Во исполнение своей миссии лидер русского либерализма уверяет итальянцев, что «по окончании войны русское правительство вынуждено будет склониться к необходимым демократическим реформам». Почему собственно? «Союзник Франции и Англии, русская нация ведет войну в защиту демократических принципов. Как же может быть, чтобы эти принципы не одержали победы внутри страны?» Совершенно правильно: правительство, ведущее войну во имя интересов демократии, прежде всего обеспечило бы этим принципам торжество в собственной стране. Но именно поэтому нелепой и постыдной ложью является утверждение, будто царизм способен вести войну во имя «демократических принципов». Что завоевание Галиции, Персии, Армении, Константинополя и проливов послужит развитию русского капитализма, сомнения нет. Но на этих основах процветет не демократия, а воинствующий империализм, который железным веером развернет свои задачи на Балканах, в передней и Южной Азии и на Дальнем Востоке.
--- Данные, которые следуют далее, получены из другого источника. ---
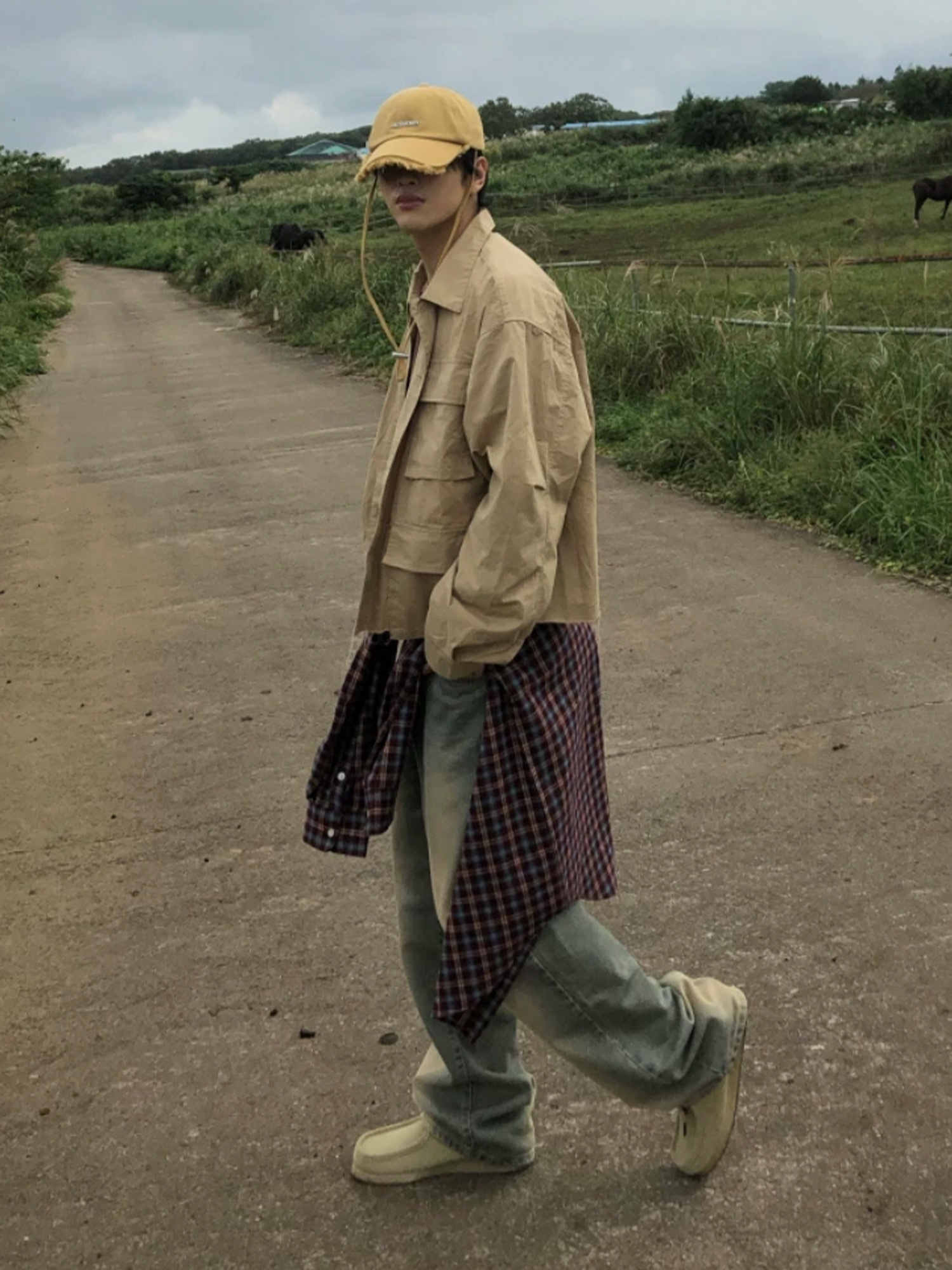 Clarks Wallabee Maple Suede, (W) Clarks Wallabee Maple Suede 착용 스타일 - 4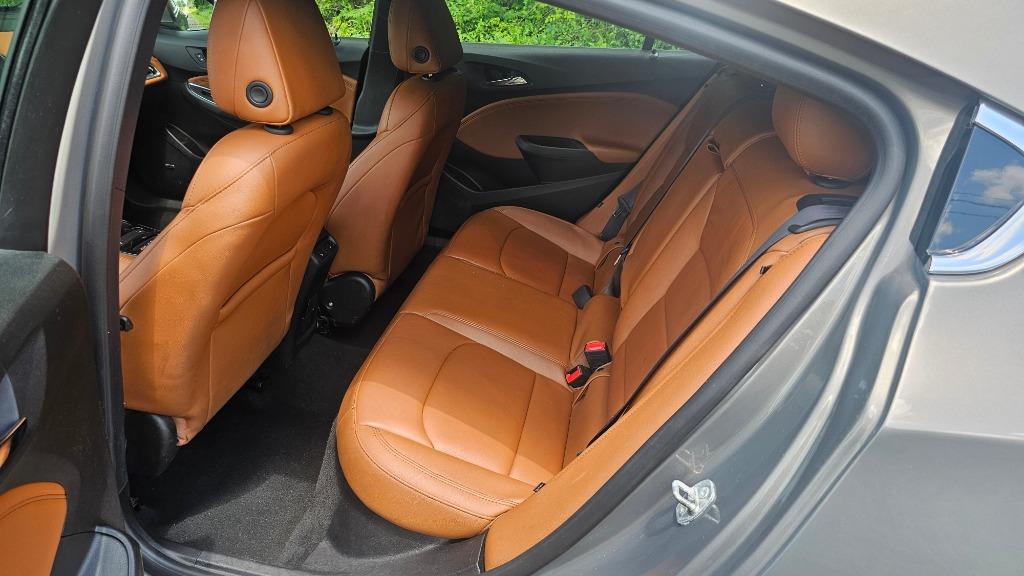 2017 Chevrolet Cruze - $8,450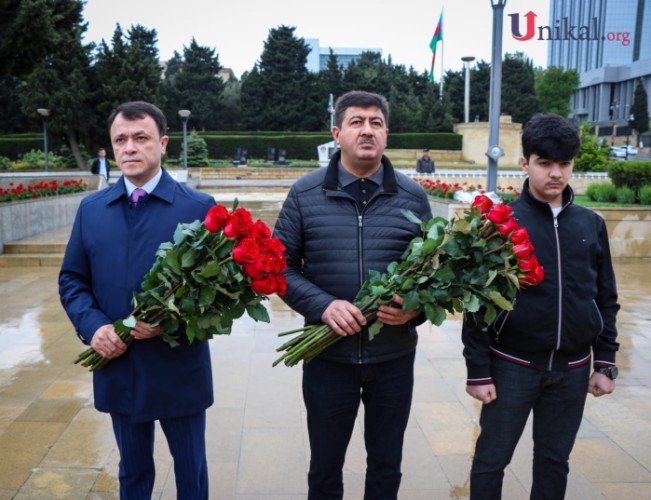 Generallar Həzi Aslanovun abidəsi önündə- FOTOLAR
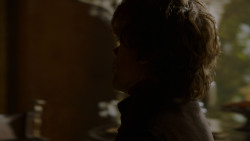 extant_GameOfThrones_4x02-TheLionAndTheRose_1761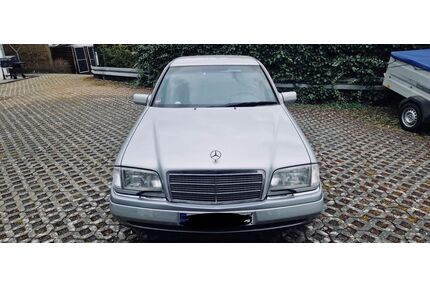Mercedes-Benz 220 Gebrauchtwagen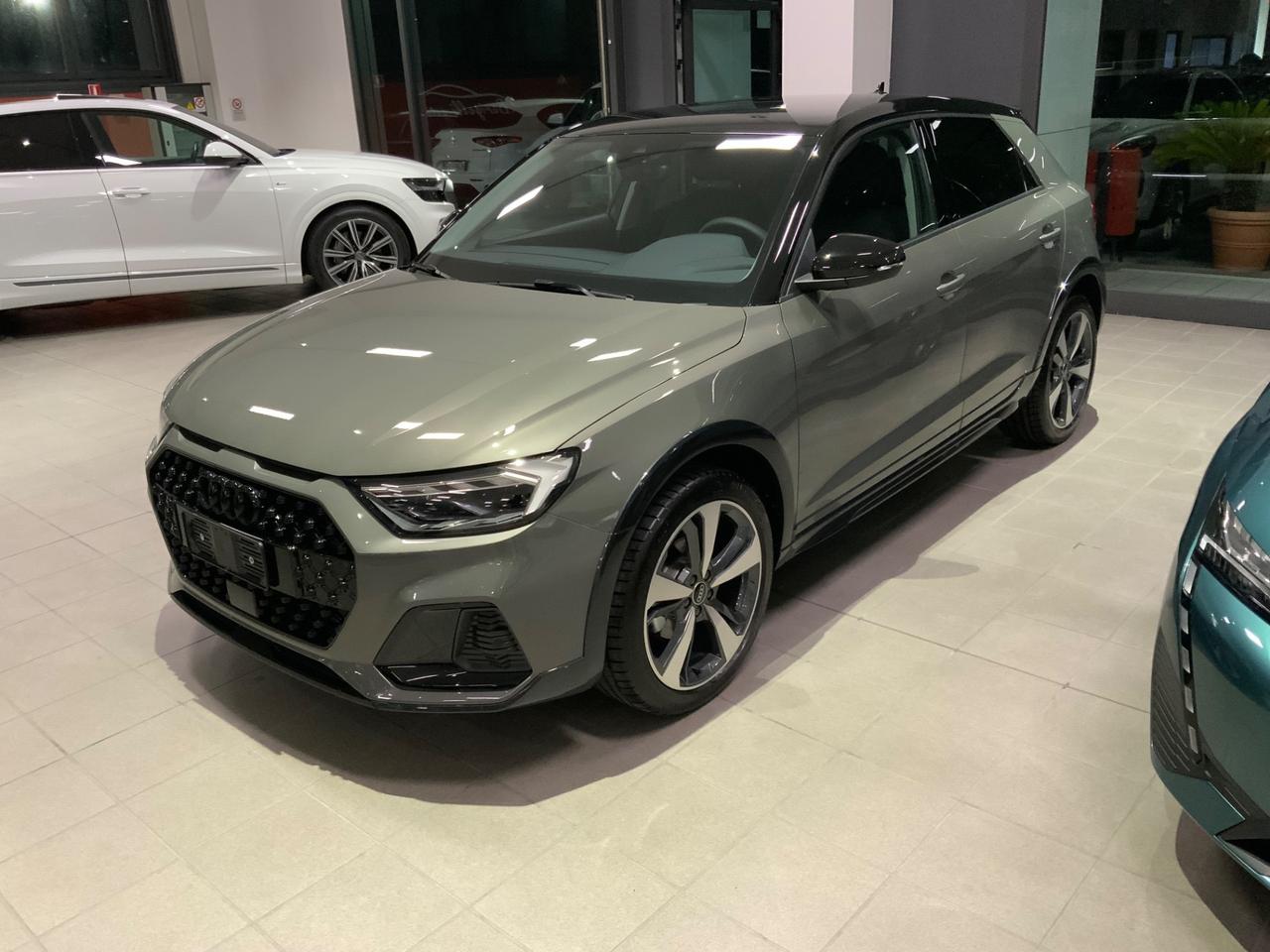 Audi A1 allstreet 30 TFSI S tronic Identity Contrast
Даже итальянского интервьюера, по-видимому, не вполне удовлетворил подписанный г. Милюковым демократический чек на неопределенное будущее. Он поинтересовался, как обстоят дела сейчас. Что слышно насчет Польши, Финляндии, Кавказа и евреев? Но тут либеральный лидер сразу увял. «Можно думать», что Польша получит обещанную автономию. «Мы», во всяком случае, будем «хлопотать» за автономию Финляндии, где пока что вводятся бобриковские мероприятия,[137] в свое время испугавшие даже Плеве.[138] «Может быть», и Кавказ можно охватить автономией. Евреи? «К сожалению, среди солдат в Польше ведется усиленная антисемитская пропаганда. Евреи обвиняются в шпионстве». И это весь задаток под демократию?
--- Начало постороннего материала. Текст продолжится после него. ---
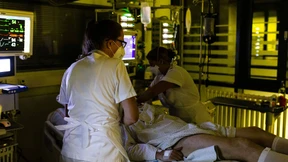 Alarm in der Pflege- und der Krankenversicherung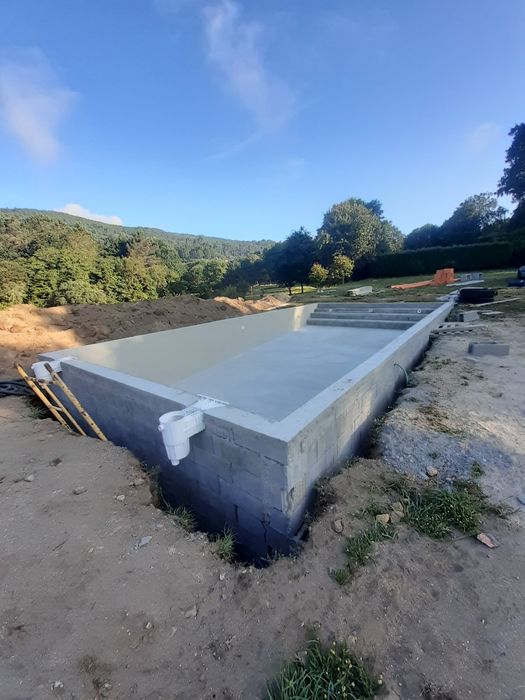 Fazemos construção de piscinas e limpeza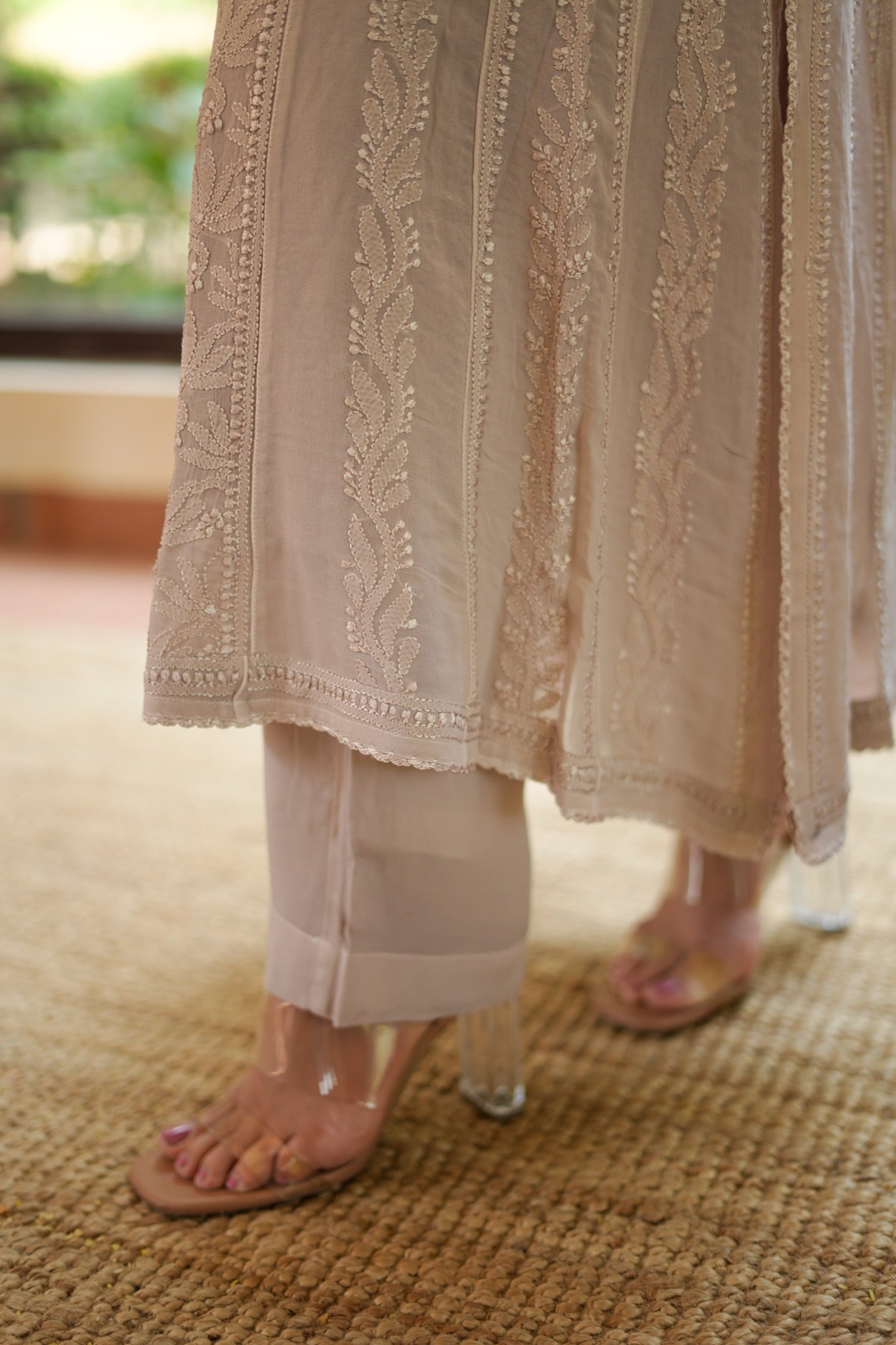 06SJ Jabili Chikankari Side Slit Anarkali Kurti Pant Set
Нет, не весь. У г. Милюкова есть козырная карта. «Наибольшая победа, которую мы одержали над немцами, это – уничтожение пьянства». При чем тут немцы? – спрашиваем мы себя в полном недоумении. Не намек ли на графа фон-Витте,[139] отца винной монополии и шефа придворной германофильской партии? Ничуть не бывало. Было бы неправильно искать в этой фразе намеков, как и вообще мысли. Одной из задач войны является ведь, как мы уже знаем, направить недовольство, которое накопилось против бюрократии, по новому «стоку» – против Германии. Русский либерализм и взял на себя миссию одной из «сточных» канав. При этом приходится попутно выкидывать, как стеснительный балласт, даже те пятикопеечные истины, которые развивались самими либералами на антиалкогольных съездах: что голыми запретами ничего не достигнешь, что необходимо поднятие культурного уровня масс, что нужен простор для народной самодеятельности и пр. и пр. Если обо всем этом промолчать, то итальянец, пожалуй, не догадается, что русский мастеровой пьет сейчас денатурированный спирт и политуру.
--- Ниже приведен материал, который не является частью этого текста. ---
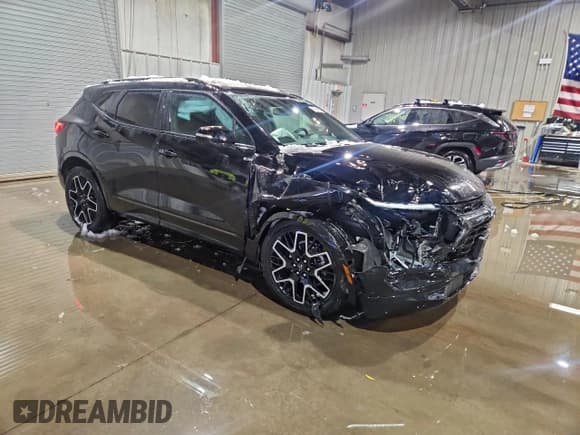 ✅ 2024 Chevrolet Blazer RS • VIN: 3GNKBKRS9RS210015 • Lot: 95186675. Wystawiony na Copart z przebiegiem 7 764 mil. Bezpłatny archiwum sprzedaży aukcyjnych z USA i szczegółowy raport historii pojazdu na DreamBid. Zdjęcie 4.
Мы еще не исчерпали всего интервью, а между тем давно уже испытываем неловкость за тот политический уровень, на котором приходится удерживать читателя. Это проклятое время будет ошельмовано будущим историком не только как эпоха зверства и дикости, но и как эпоха глупости и лицемерия. Обе эти черты не случайны, в них отражается потрясающее несоответствие между войной и всей созданной человечеством культурой. Захваченные врасплох рецидивом самого отвратительного варварства отдельные лица, партии и целые нации глупо или лицемерно приспособляют еще не позабытые ими понятия и терминологию сложной культуры к фактам кровавого грабежа и массового душегубства. Русский либерализм тут не исключение, только положение его труднее. Так как историческая природа царизма проявляется в этой войне с несравненной яркостью в Лемберге, как и в «Петрограде», то русскому либерализму в его апологетической работе приходится расходовать непомерные количества обеих идеологических «субстанций»: лицемерия и глупости.